The study was conducted in accordance to local ethical guidelines. Patient consent has been obtained from each patient after full explanation of the purpose and nature of the all procedures used, and approval by the ethical board was granted (number 21-1025_1, institutional review board of the University Hospital of Cologne).

Twenty-two specimens of papillary thyroid carcinoma with a tumor size ≤ 1 cm (traditionally classified as papillary thyroid microcarcinoma) and corresponding lymph node metastases diagnosed between 2012 and 2022 were retrieved from the surgical pathological archives. No prophylactic lymphadenectomy is performed in case of tumors ≤ 1 cm at our institution, according to the current German Guidelines. Accordingly, all patients had either preoperative sonographic or biopsy diagnosis of suspicious lymph nodes. In four patients papillary carcinoma lymph node metastases were detected on lymph node dissection for head and neck squamous cell carcinoma, followed by subsequent thyroidectomy. Lymph node metastasis removed later than 6 months after diagnosis were considered metachronous and were not included in the present study, as well as all with concomitant carcinoma > 1 cm.

Whole slide images of thyroid resection specimens and lymph node dissection samples were evaluated by two experienced pathologists (AMS, MLE). For establishment of diagnosis of lymph node metastasis of papillary thyroid carcinoma TTF1 and PAX8 immunohistochemistry was performed in routine diagnostic workflow. Positivity of TTF1 and PAX8, indicating thyroid origin along with morphologic features, lead to the diagnosis of lymph node metastasis from papillary thyroid carcinoma. The concomitant lymph node metastasis from head and neck squamous cell carcinoma were negative for these two markers.

Both primary tumors and lymph node metastases were examined with regard to presence of stromal desmoplasia, histologic variant of papillary thyroid carcinoma (infiltrative follicular, classic, and others), presence of inflammation, psammoma bodies, and extracapsular extension. Lymphovascular invasion in primary tumors was also examined, as well as the presence of underlying Hashimoto’s thyroiditis.

Whole slide sections of primary tumor and the largest lymph node metastasis were used to perform immunohistochemistry for p53 (clone: DO-7. 1:1800, Dako / CE), Ki-67 (clone: SP6. 1:100. Cellmarque / CE) and BRAF V600E (clone: VE1, ready to use, Roche / CE) following the manufacturer’s protocol. Detection of immunolabeling was performed using anti-mouse or anti-rabbit horseradish peroxidase–conjugated secondary antibodies and developed using 3,3′-diaminobenzidine.

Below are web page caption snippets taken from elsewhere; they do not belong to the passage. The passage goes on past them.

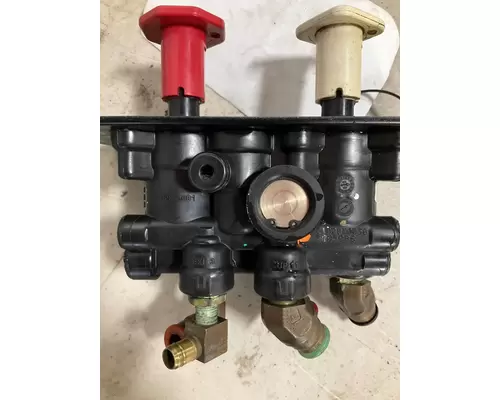 FREIGHTLINER CENTURY CLASS 120 Interior Parts, Misc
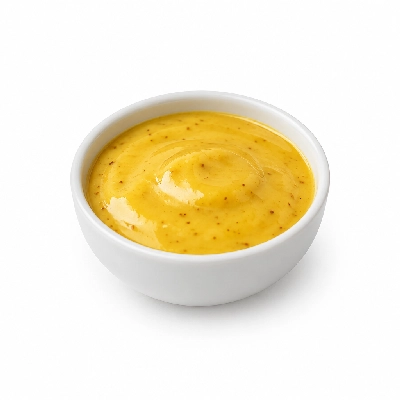 Western Sizzlin Cold Buffet Homemade Dressing Honey Mustard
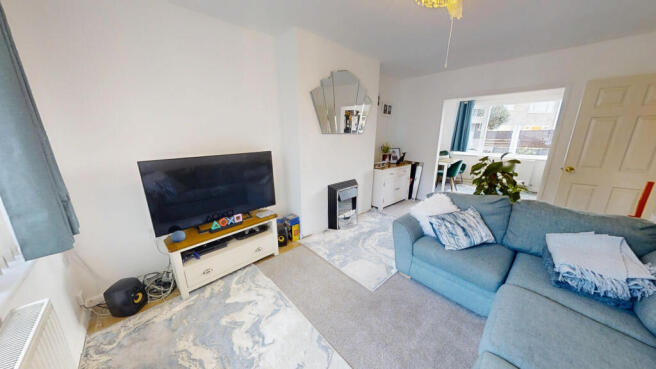 Brymers-Avenue-Portland-Dorset-UK-11262025_135748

For BRAF V600E diffuse cytoplasmic staining of tumor cells was considered positive and used as a surrogate marker for an underlying mutation. P53 was considered abnormal, if a strong nuclear expression in a majority of nuclei was present, a strong cytoplasmic staining or the absence of staining. A varying staining pattern across tumor nuclei was considered wild type staining pattern.

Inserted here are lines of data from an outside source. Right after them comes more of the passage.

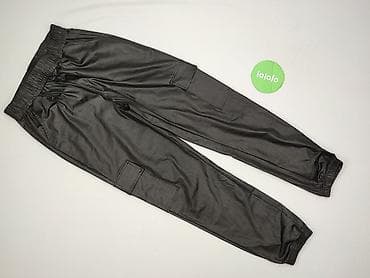 leginsy: Spodnie cargo damskie, rozmiar S — 2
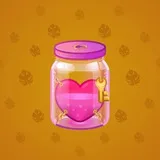 Restless Jar #933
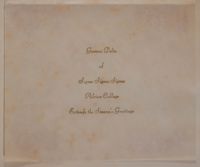 SK_HQ_Box 12_Scrapbook 38_012_01_03.jpg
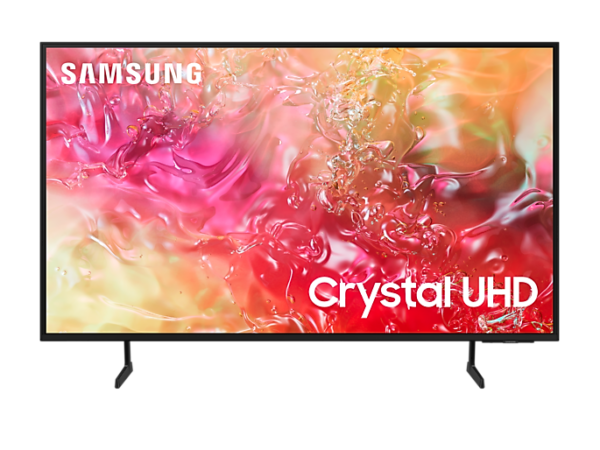 SAMSUNG TV UE85DU7172UXXH UE85DU7172UXXH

For evaluation of proliferation index via Ki-67, whole slide images were digitized with a Hamamatsu S360 scanner. Representative tumor areas were annotated in QuPath 0.3.2. Positive cells were detected running the built-in positive cell detection command using following parameters: detection image optical density sum, requested pixel size 1 µm; nucleus parameters: background radius 8 µm, median filter radius 0 µm, sigma 2 µm, minimum area 12 µm2, maximum area 400 µm2; intensity parameters: threshold 0.1, max background intensity 2; and cell parameters: cell expansion 5 µm, cell nucleus included.

The largest lymph node metastasis of each case was selected for analysis. RNAscope® detection for TERT was performed manually using the Hs-TERT-01 probe. Staining was done a per manufacturer’s protocol (ACDBio). Appropriate accompanying positive and negative controls (universal negative control dapB probe) were used to evaluate the staining procedure. After pre-treatment, probe hybridization and detection, the slides were counterstained with 50% hematoxylin, dehydrated, and mounted.

Expression quantification was carried out as described by Momeni-Boroujeni et al. [13] TERT signals in 100 cells were counted in hotspot regions.